Cyber Terrorist Group Anonymous Crashes Justice Department and FBI Websites

Terrorist hacking group ‘anonymous’ has admitted to crashing the Justice Department and FBI’s websites, media stated this week. After federal officials took down the file-sharing site Megaupload and arrested its creator, the so called named dot com and refused him bail, the cyber terrorists attacked.

Seven executives from Megaupload were reportedly indicted on Thursday for disobeying copyright laws and protection, though the site’s attorney foolishly denied the charges. Hours later, the websites of the Justice Department, Universal Music, and the FBI’s homepage all failed to work. The anonymous attacks were allegedly meant to flood the pages with more traffic than they could handle, and were targeted at the Stop Online Piracy Act headed by the Motion Picture Association of America.

An unidentified founder of an online group that reportedly works with the cyber terrorist site reportedly said that ‘anonymous’ might also attempt to try to leak names of Congress members supporting the bill.

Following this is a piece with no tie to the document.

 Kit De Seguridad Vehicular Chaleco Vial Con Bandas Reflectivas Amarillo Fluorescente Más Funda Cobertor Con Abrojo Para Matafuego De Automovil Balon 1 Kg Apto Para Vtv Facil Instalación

The bill is proposed new legislature to help fight theft of creative works online. Anonymous members have been reportedly arrested for stalking, harassment, theft, extortion, vandalism, battery, and terrorism among more. Hollywood Sentinel publisher Bruce Edwin- who has reportedly had members of the cyber terrorist group make death threats against him on an ‘anonymous linked slander website’ due to their being against one of his clients religion- states; “I am confident that after this brazen attack against the federal government of The United States, that the so called ‘anonymous’ criminals will not be anonymous for long, as the feds hunt them down and capture them one by one.”